Elon Musk Talks: 'Several More Years' at the Helm

By · July 23, 2012

Elon Musk

Elon Musk shows off the company's prototype Supercharger, which is aiming for one-hour Model S recharges. (Jim Motavalli photo)

Speculation that, now the Model S has been launched, Tesla Motors CEO Elon Musk is packing his bags for full-time residence at other company Space X can be put to rest. In an interview, Musk told me he is “committed to staying at Tesla for several more years. It won’t be forever.”

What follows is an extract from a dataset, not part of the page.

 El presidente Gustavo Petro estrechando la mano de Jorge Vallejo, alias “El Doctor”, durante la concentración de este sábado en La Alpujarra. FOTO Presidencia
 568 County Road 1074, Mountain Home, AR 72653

Musk is Tesla’s resident perfectionist, and some new hires and investors obviously want him to remain at the helm. A departure now would be disruptive, especially when there are crises, such as the blip in Tesla’s stock price after analyst Theodore O’Neill of Wunderlich said last week that the company would cut third-quarter Model S production from 1,000 to 500.

A Confident Guy

The financial community is wondering when Tesla will start making money, and when stuff like that hits, it’s good to have Musk around. “We never actually reported what third quarter production will be,” Musk told me. “The only number we talk about is the production target of 5,000 this year. It’s not a demand issue: We have orders for well over 10,000 cars. We’re confident that the 5,000 number will be approximately correct. The production ramp is very narrow as we iron out the supply chain, but it ramps up very quickly. We want to be careful about the quality of each car.”

Tesla Model S

The Model S, ready to go in Los Angeles. (Jim Motavalli photo)

And, so far, quality has been very high. I drove the Model S for the first time late last in Mahwah, New Jersey, where Tesla is staging one of its “Get Amped” test drive events for reservation holders. The car I drove was not only a thrilling ride, it was very well made, with nary a squeak, rattle or misaligned panel.

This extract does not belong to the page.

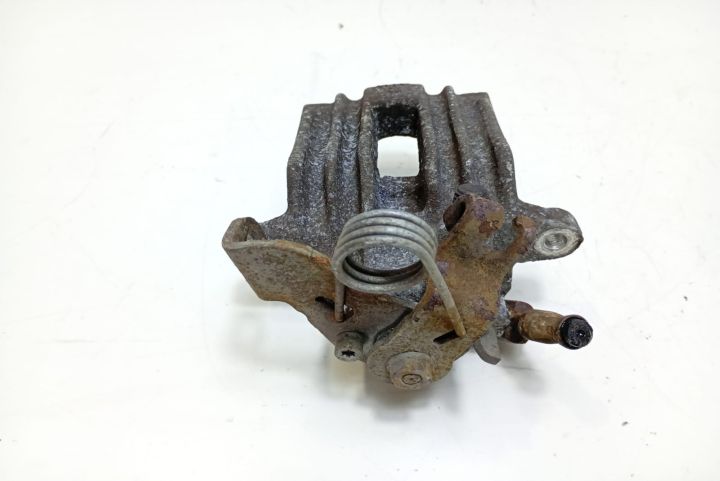 Etrier stanga spate Audi A4 B7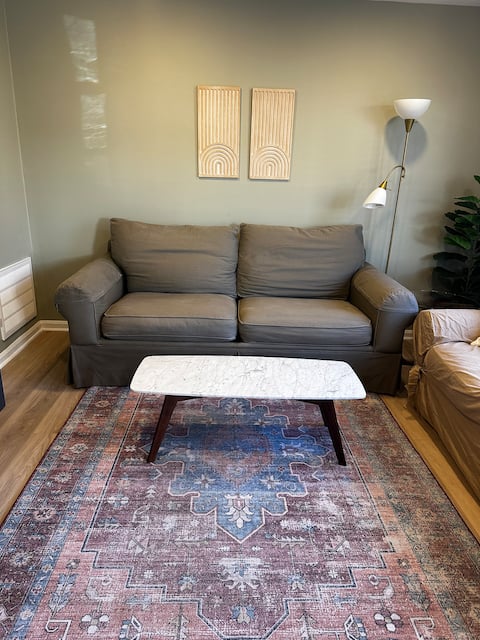 Top Airbnb: Willow-Updated Chapel Hill Condo w/ Community Pool in Chapel Hill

Musk says he is “personally inspecting all the cars before they go out,” which prompted me to ask how the CEO of two major pressure-cooker companies could possibly have the time. “We do it at the end of the day, once a week,” Musk said. “We look for gaps that aren’t quite right, things like that. And we pick cars out at random for test drives to make sure they feel right."

The "Perfect" Car

"People’s initial impression needs to be as perfect as possible," he said. "Some people think we should go for the maximum production rate right off the bat, but we want them to associate Tesla with reliability. So if the cars aren’t coming out as fast as some people would like, I’m sorry about that. But they need to be perfect.”

Tesla is also trying to avoid performance issues, such as the hot-weather range drop that some Arizona owners have found in their Nissan LEAFs. “I predicted that exact thing,” Musk said, adding that the Model S uses liquid cooling for the battery pack and other components. “The Model S has an awesome cooling system,” he said. “We took it out for summer endurance tests in Death Valley, and brought a tow truck along in case it broke down. But it was the tow truck that broke down.”

That "Badass" Truck

Musk confirmed that Tesla might have a “high-tech, badass” pickup truck in its future, and that it is starting work on a smaller third-generation car that could offer an electric alternative to the BMW 3-Series or Audi A4. That would be Tesla’s volume car, with a target of 100,000 cars and what Musk describes as “some cool design innovations to keep the cost down” to around $30,000.
“But it has to be compelling,” Musk said. “It has to have Tesla levels of quality, or we won’t build it. But I’m confident we can get there.”

Indeed, Musk is confident about almost everything, including the company's ambitious sales target of 20,000 Model S cars for 2013. “I have a high degree of confidence in that number,” he said. “I haven’t been as emphatic about the 5,000 cars for 2012--that’s our production target.” The Tesla Factory, of course, has the capacity to produce up to 500,000 cars annually, and Musk doesn’t hesitate when asked how long it will take to get up to that speed. “Certainly less than 10 years,” he said. “Maybe seven or eight years.”